|Title||Atmospheric nitrogen deposition impacts on the structure and function of forest mycorrhizal communities : A review|
|Author(s)||Lilleskov, Erik A.; Kuyper, Thomas W.; Bidartondo, Martin I.; Hobbie, Erik A.|
|Source||Environmental Pollution 246 (2019). - ISSN 0269-7491 - p. 148 - 162.|
Chair Soil Biology and Biological Soil Quality
|Publication type||Refereed Article in a scientific journal|
|Keyword(s)||Community response - Critical loads - Function - Mycorrhizal fungi - Nitrogen deposition|
Humans have dramatically increased atmospheric nitrogen (N) deposition globally. At the coarsest resolution, N deposition is correlated with shifts from ectomycorrhizal (EcM) to arbuscular mycorrhizal (AM) tree dominance. At finer resolution, ectomycorrhizal fungal (EcMF) and arbuscular mycorrhizal fungal (AMF) communities respond strongly to long-term N deposition with the disappearance of key taxa. Conifer-associated EcMF are more sensitive than other EcMF, with current estimates of critical loads at 5–6 kg ha−1 yr−1 for the former and 10–20 kg ha−1 yr−1 for the latter. Where loads are exceeded, strong plant-soil and microbe-soil feedbacks may slow recovery rates after abatement of N deposition. Critical loads for AMF and tropical EcMF require additional study. In general, the responses of EcMF to N deposition are better understood than those of AMF because of methodological tractability. Functional consequences of EcMF community change are linked to decreases by fungi with medium-distance exploration strategies, hydrophobic walls, proteolytic capacity, and perhaps peroxidases for acquiring N from soil organic matter. These functional losses may contribute to declines in forest floor decomposition under N deposition. For AMF, limited capacity to directly access complexed organic N may reduce functional consequences, but research is needed to test this hypothesis. Mycorrhizal biomass often declines with N deposition, but the relative contributions of alternate mechanisms for this decline (lower C supply, higher C cost, physiological stress by N) have not been quantified. Furthermore, fungal biomass and functional responses to N inputs probably depend on ecosystem P status, yet how N deposition-induced P limitation interacts with belowground C flux and mycorrhizal community structure and function is still unclear.
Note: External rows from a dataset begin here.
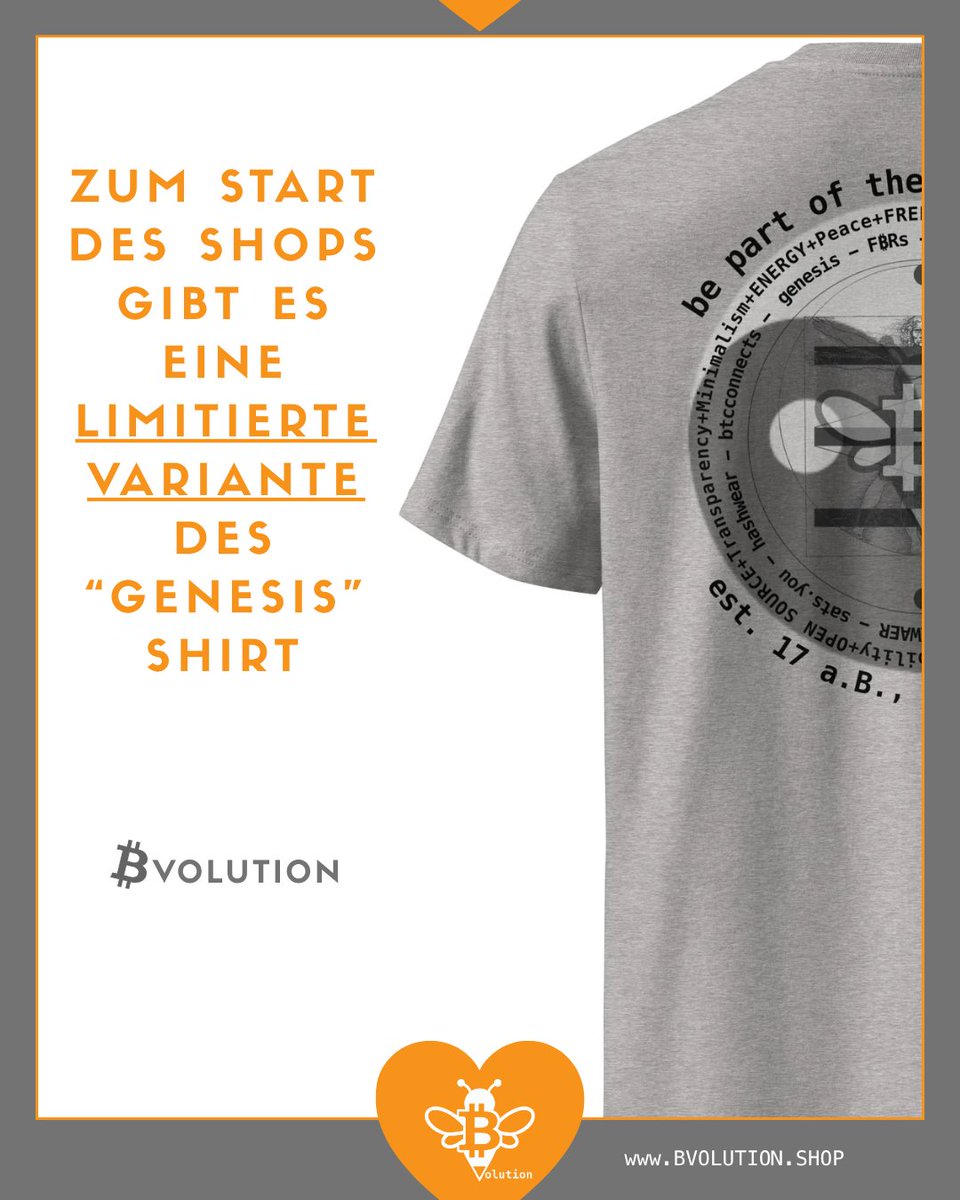 Bvolution_shop's tweet photo. ⚡ LIMITED DROP ⚡

The limited “GENESIS” shirt drops with the BVOLUTION launch. 🐝

Minimalistic. Futuristic. Timeless.

🟠 First Edition
🟠 Exclusive launch drop

Be part of the Genesis of ₿volution. 🚀

#bitcoin #btc #streetwear #orangepill #genesis #bvolution #limited https://t.co/3rXF6s4ZQB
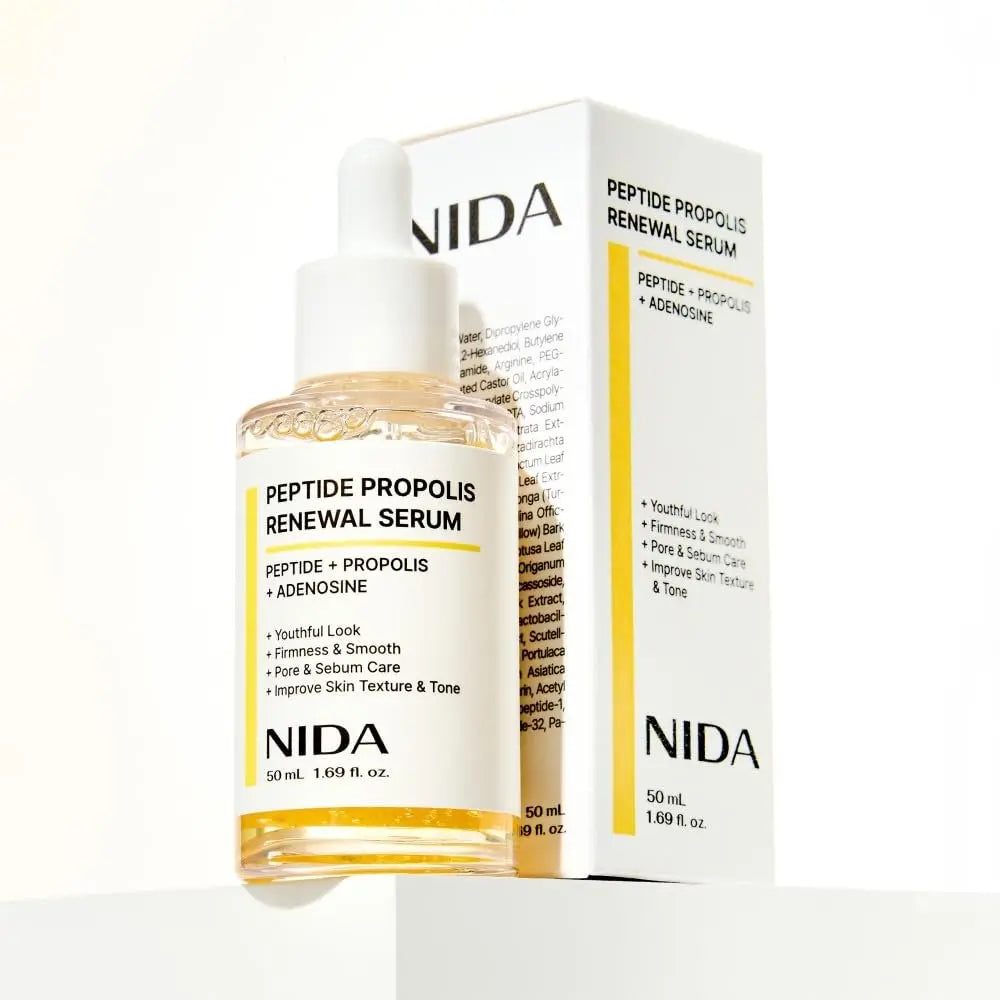 NIDA Peptide Propolis Renewal Serum - Anti-Aging & Pore Care with Peptide Complex, Propolis Extract, Adenosine - 1.69 fl oz (50ml) Avelisse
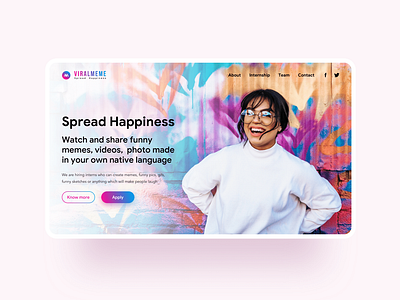 Viralmeme Landing Page branding design studio hapiness happy happy hour landing page meme memes minimal photography ui ui design ux viral website design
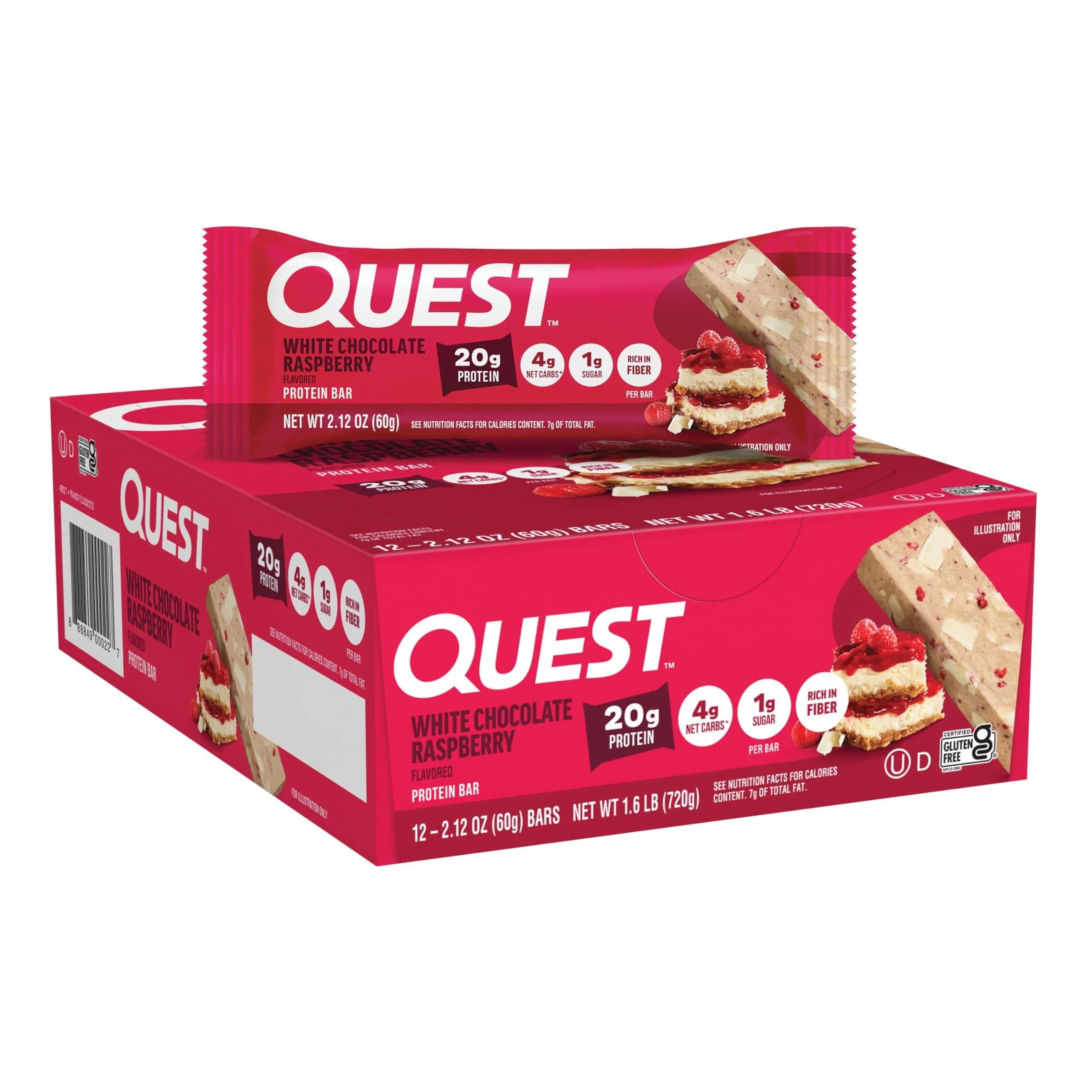 Quest White Chocolate Raspberry Protein Bars 12 Count | 20g Protein Snack Bar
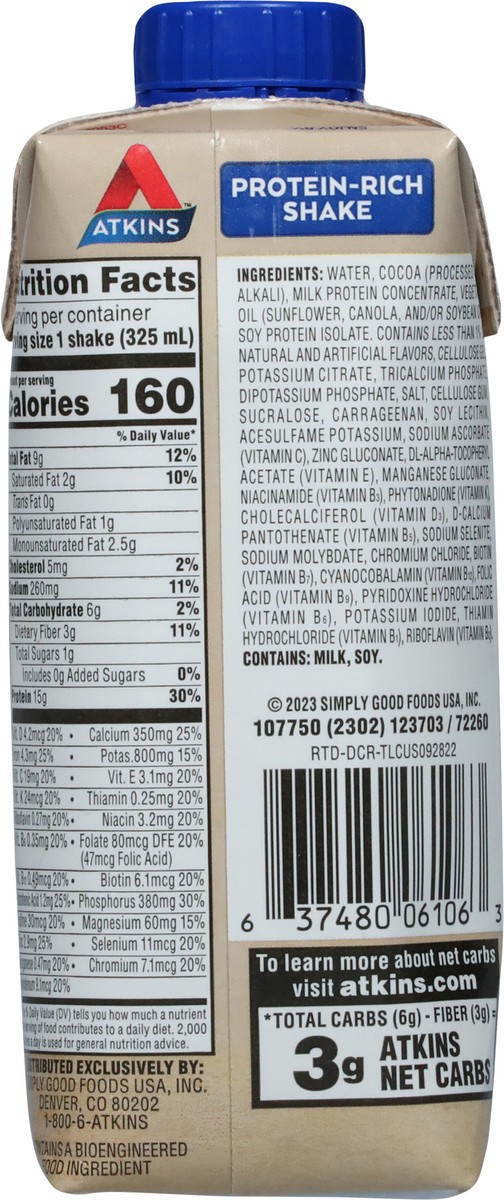 slide 4 of 13, Atkins Dark Chocolate Royale Protein-Rich Shake 11 fl oz, 11 fl oz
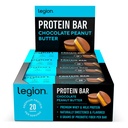 Legion Protein Bar Schokolade Peanut Butter -100% Whey Protein, Baked Bars mit Prebiotic Fiber - High Protein (20g) Low Fat (12g) Low Sugar (4g), No Soy, Gluten - Natural Flavors (12 Count)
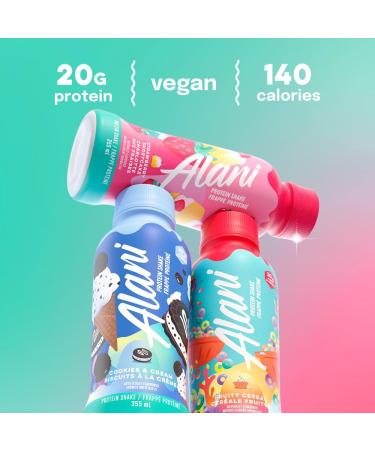 Alani Nu Protein Shake Ready to Drink Naturally Flavored Gluten Free Only 140 Calories with 20g Protein per 355mL bottle (Fruity Cereal 12 Pack) - Buy Online on GoSupps.com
Current ‘omic analyses indicate potential functional differences among fungal lineages and should be integrated with studies of physiology, host nutrition, growth and health, fungal and plant community structure, and ecosystem processes. Forest mycorrhizal fungal community composition responds strongly to N deposition across broad ranges of spatial, temporal and phylogenetic scales, with functional consequences—including altered tree nutrition and C, N, and P cycling—that are substantial but only partially understood.